Data items
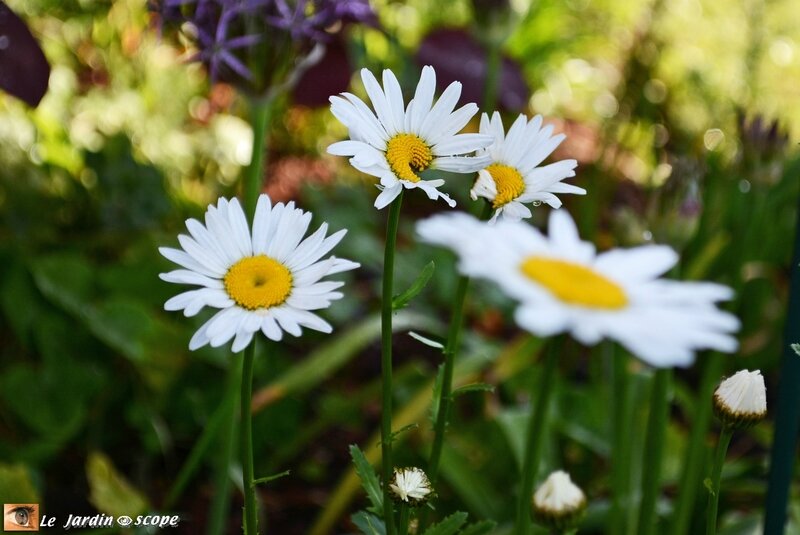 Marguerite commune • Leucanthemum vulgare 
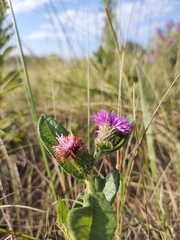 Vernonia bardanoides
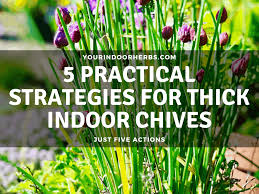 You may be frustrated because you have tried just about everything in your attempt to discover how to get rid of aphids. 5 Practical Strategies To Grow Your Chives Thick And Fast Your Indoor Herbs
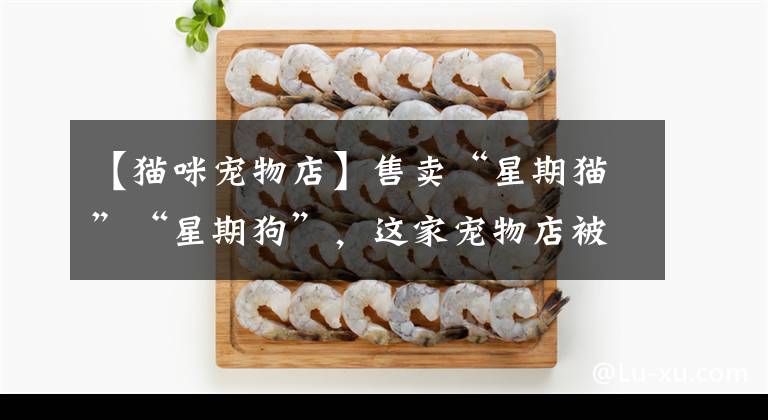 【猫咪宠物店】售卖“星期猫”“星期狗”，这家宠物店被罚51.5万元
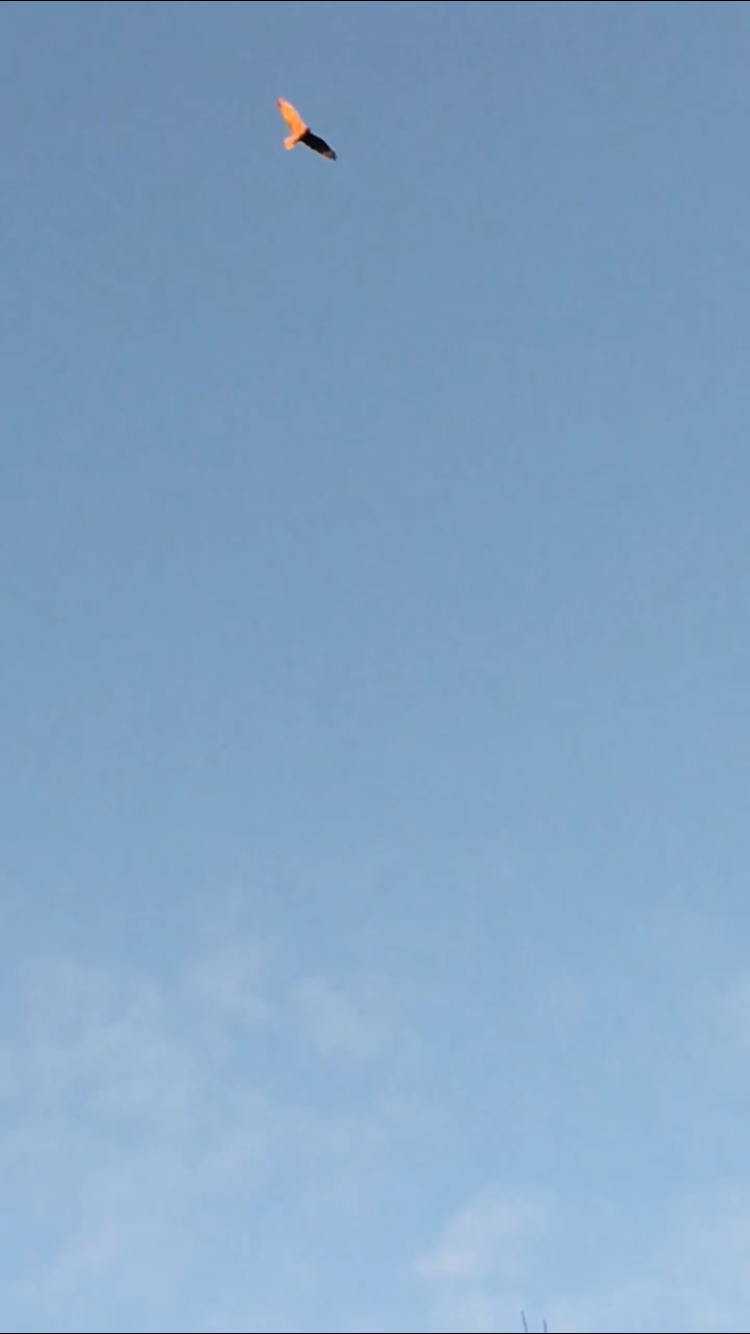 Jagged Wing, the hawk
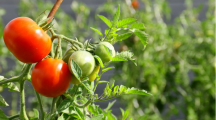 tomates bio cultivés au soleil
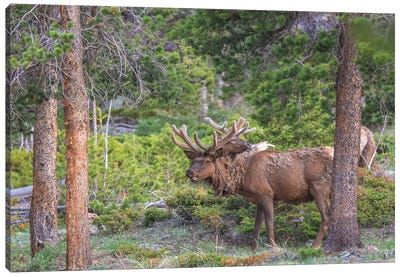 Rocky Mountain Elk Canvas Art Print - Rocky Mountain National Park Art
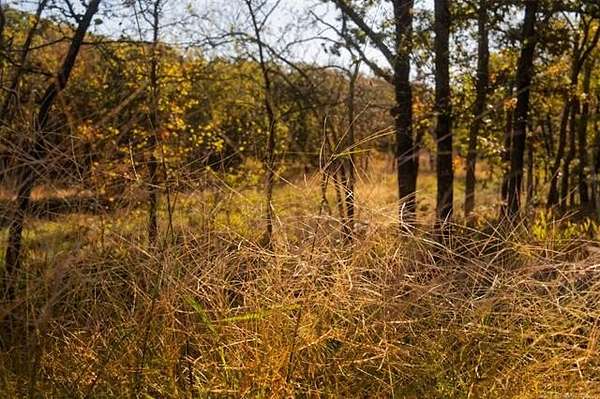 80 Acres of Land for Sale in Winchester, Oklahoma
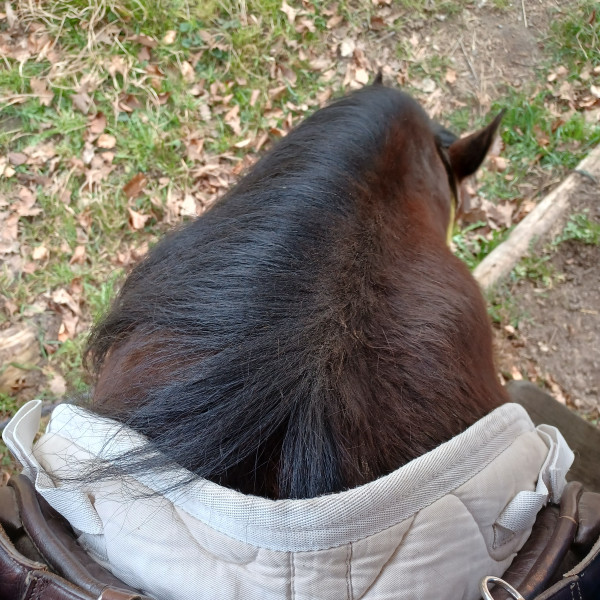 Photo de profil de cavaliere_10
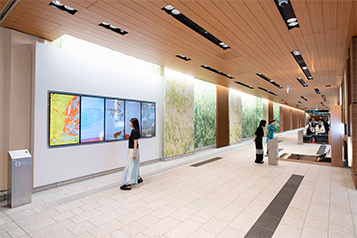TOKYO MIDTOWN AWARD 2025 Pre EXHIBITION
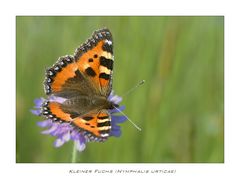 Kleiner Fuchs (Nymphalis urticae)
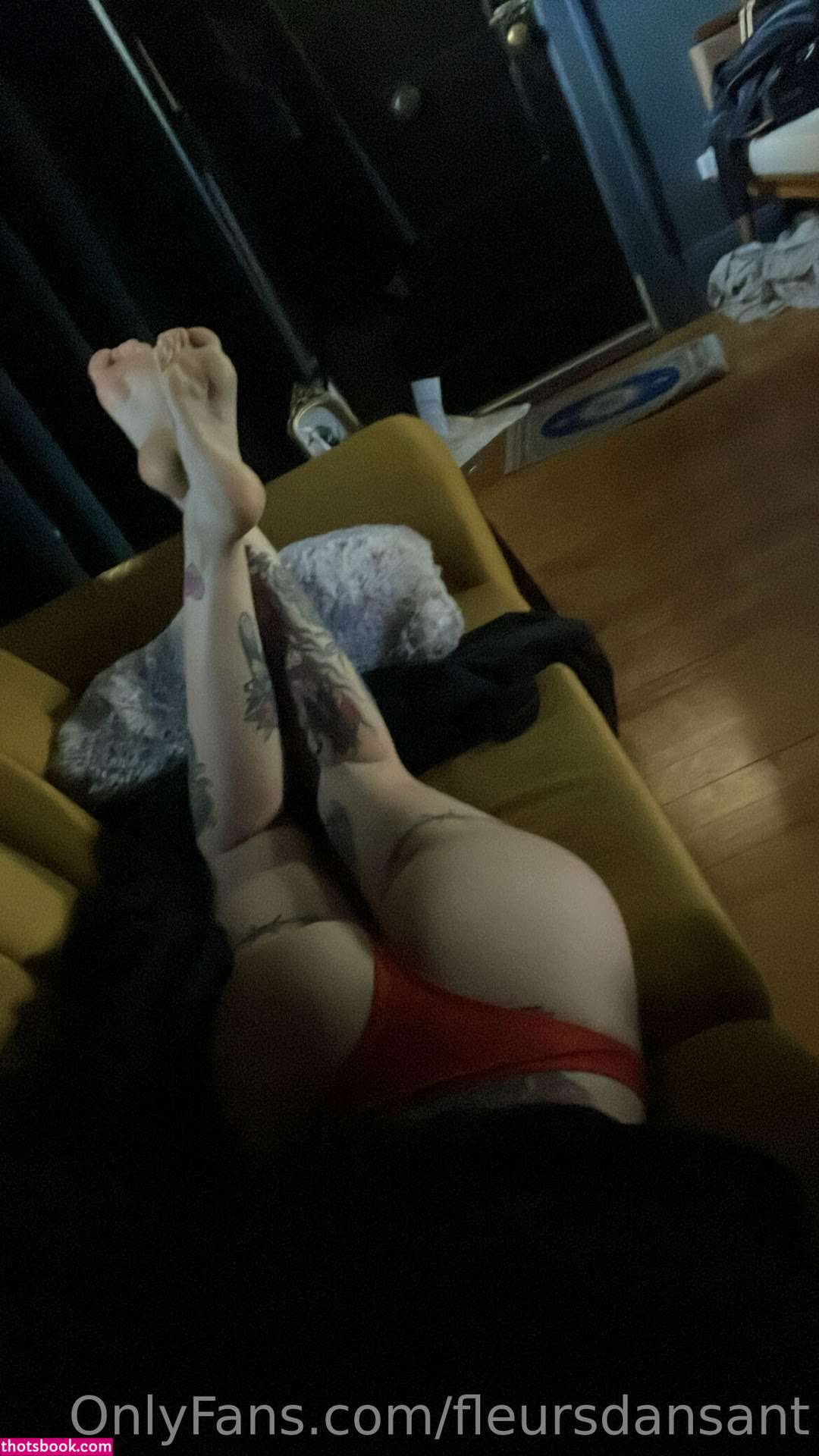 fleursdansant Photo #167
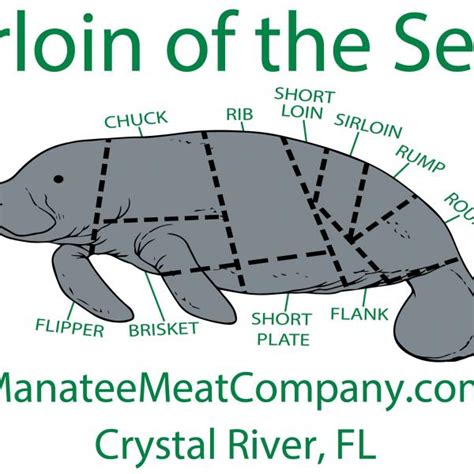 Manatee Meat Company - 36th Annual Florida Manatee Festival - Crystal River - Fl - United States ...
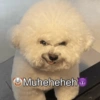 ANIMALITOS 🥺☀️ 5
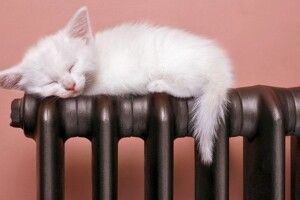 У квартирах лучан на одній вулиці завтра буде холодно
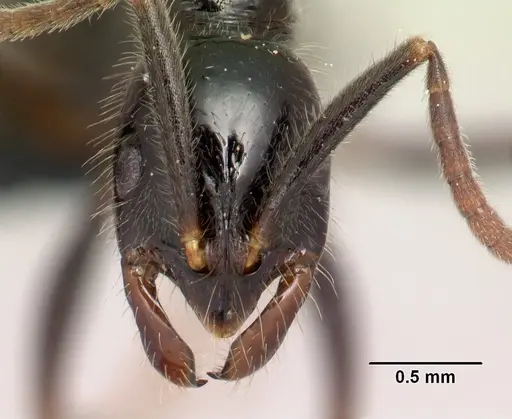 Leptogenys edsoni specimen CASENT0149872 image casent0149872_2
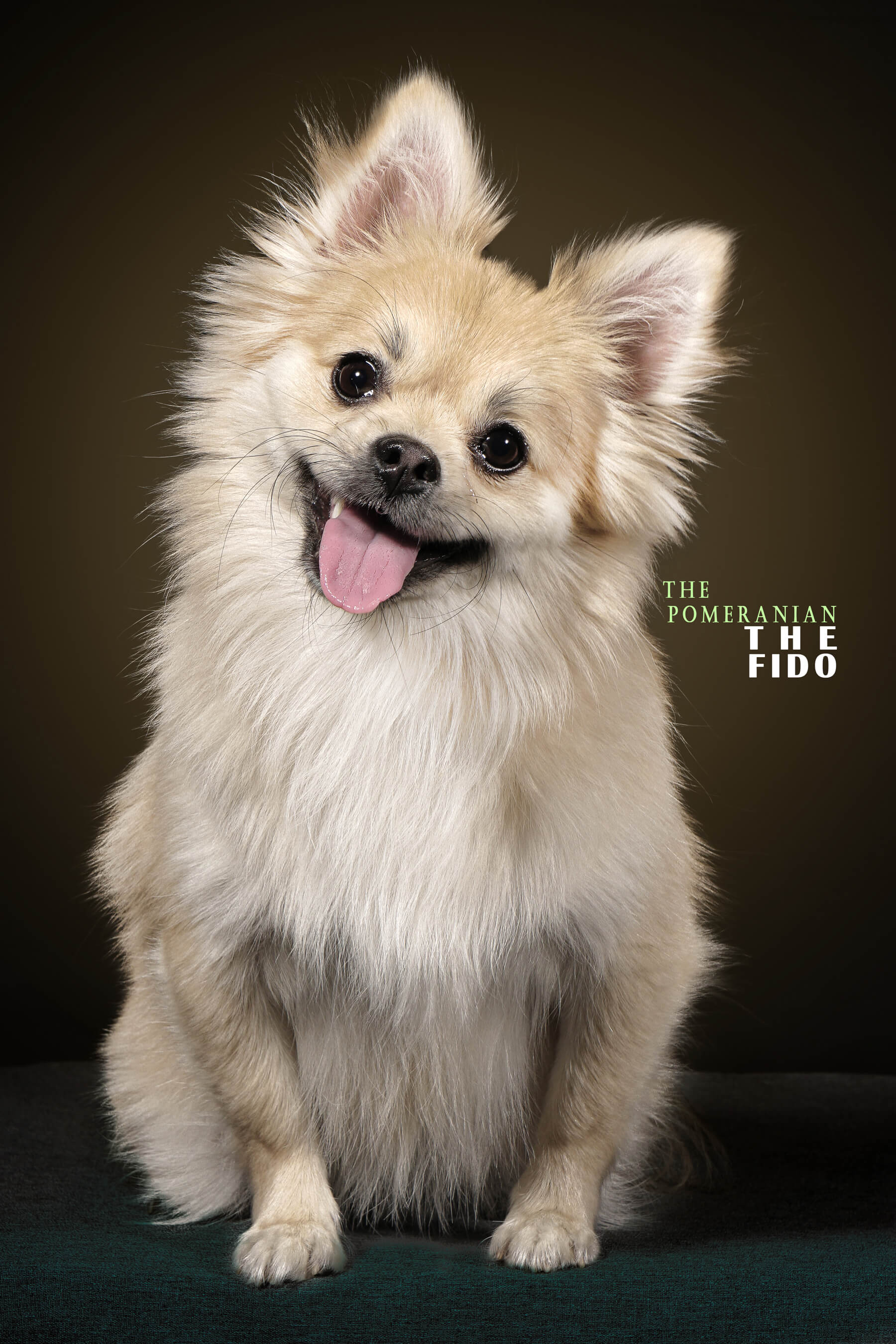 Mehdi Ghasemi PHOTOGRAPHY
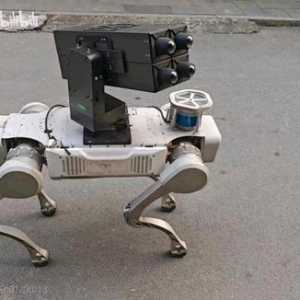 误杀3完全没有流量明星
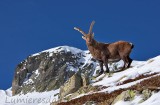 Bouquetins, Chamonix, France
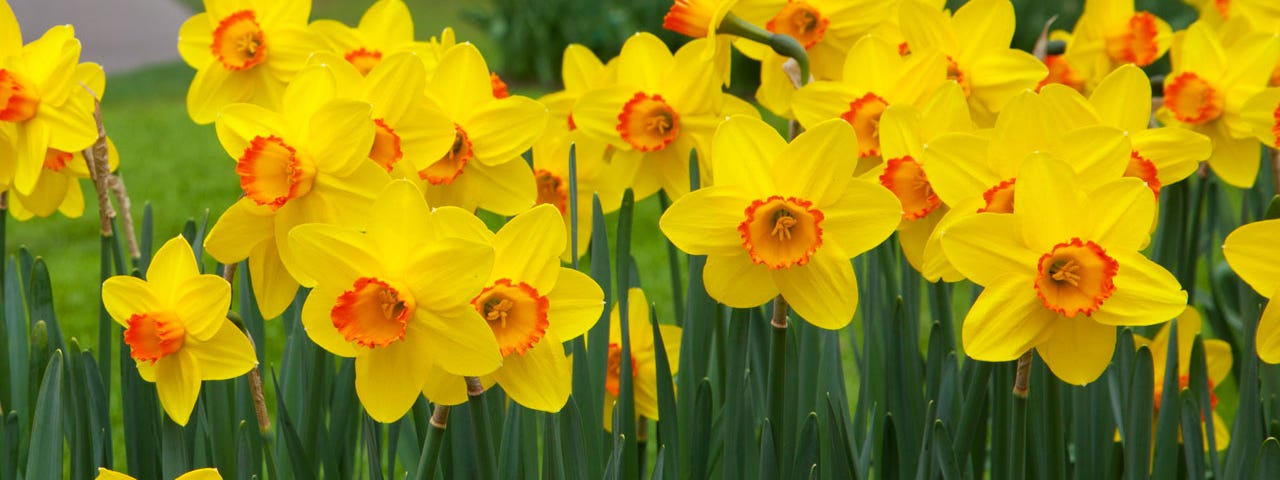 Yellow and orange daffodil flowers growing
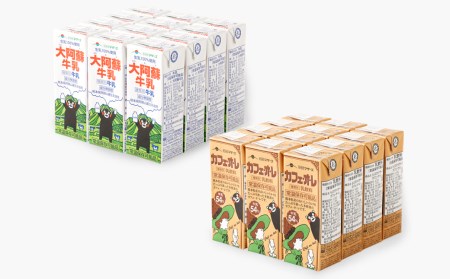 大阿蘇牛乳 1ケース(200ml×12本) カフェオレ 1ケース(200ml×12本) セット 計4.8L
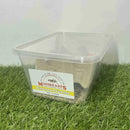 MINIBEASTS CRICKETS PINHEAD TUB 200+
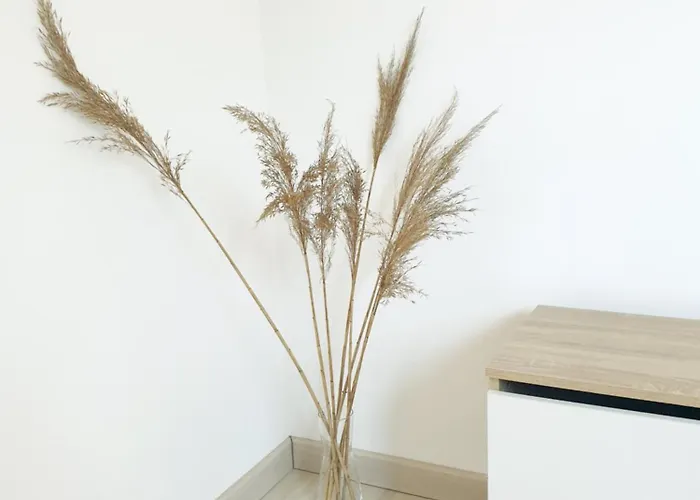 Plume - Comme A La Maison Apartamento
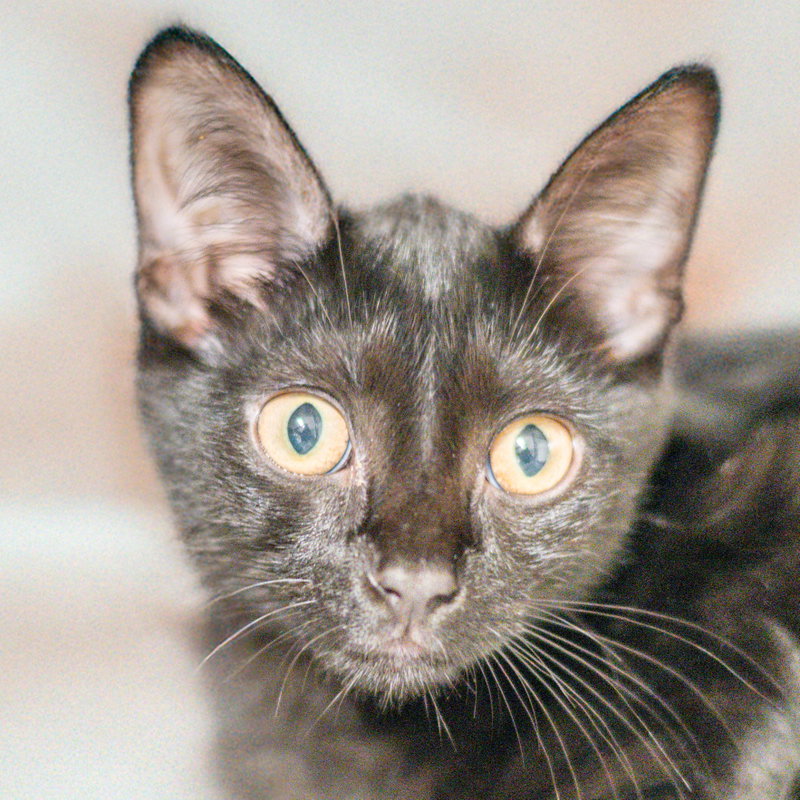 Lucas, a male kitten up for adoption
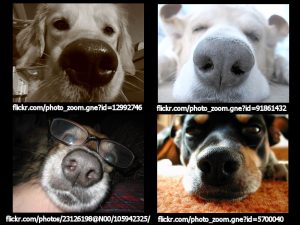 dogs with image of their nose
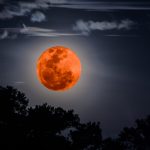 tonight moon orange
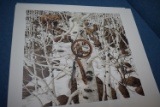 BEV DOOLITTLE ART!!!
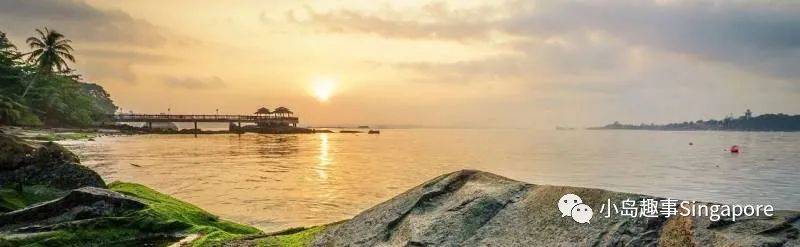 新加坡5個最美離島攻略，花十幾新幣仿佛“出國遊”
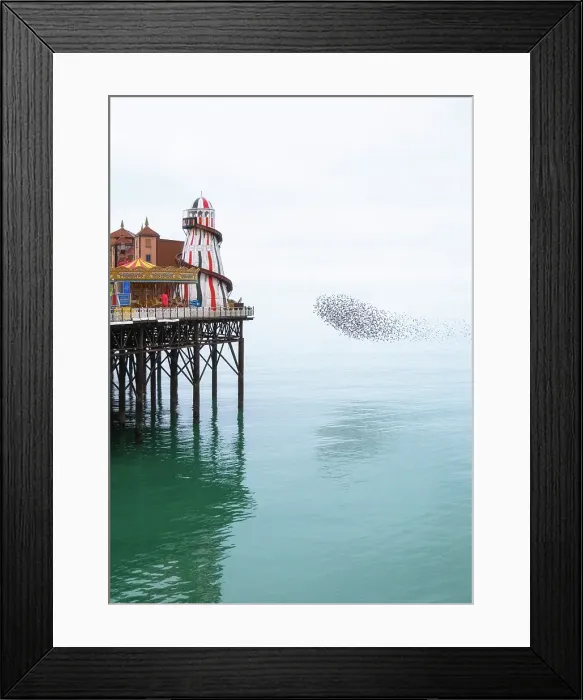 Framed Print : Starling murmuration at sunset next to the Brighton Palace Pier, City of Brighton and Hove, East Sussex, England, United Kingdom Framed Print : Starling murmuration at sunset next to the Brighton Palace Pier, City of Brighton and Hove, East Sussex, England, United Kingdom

Your goal -
Your copy should hold exactly the lines from the one with "Photo de profil de cavaliere_10" through the final line of the records, both ends included, and no pictures.

Worked solution -
 Photo de profil de cavaliere_10
TOKYO MIDTOWN AWARD 2025 Pre EXHIBITION
 Kleiner Fuchs (Nymphalis urticae)
 fleursdansant Photo #167
 Manatee Meat Company - 36th Annual Florida Manatee Festival - Crystal River - Fl - United States ...
 ANIMALITOS 🥺☀️ 5
 У квартирах лучан на одній вулиці завтра буде холодно
 Leptogenys edsoni specimen CASENT0149872 image casent0149872_2
 Mehdi Ghasemi PHOTOGRAPHY
 误杀3完全没有流量明星
 Bouquetins, Chamonix, France
 Yellow and orange daffodil flowers growing
 大阿蘇牛乳 1ケース(200ml×12本) カフェオレ 1ケース(200ml×12本) セット 計4.8L
 MINIBEASTS CRICKETS PINHEAD TUB 200+
 Plume - Comme A La Maison Apartamento
 Lucas, a male kitten up for adoption
 dogs with image of their nose
 tonight moon orange
 BEV DOOLITTLE ART!!!
 新加坡5個最美離島攻略，花十幾新幣仿佛“出國遊”
 Framed Print : Starling murmuration at sunset next to the Brighton Palace Pier, City of Brighton and Hove, East Sussex, England, United Kingdom Framed Print : Starling murmuration at sunset next to the Brighton Palace Pier, City of Brighton and Hove, East Sussex, England, United Kingdom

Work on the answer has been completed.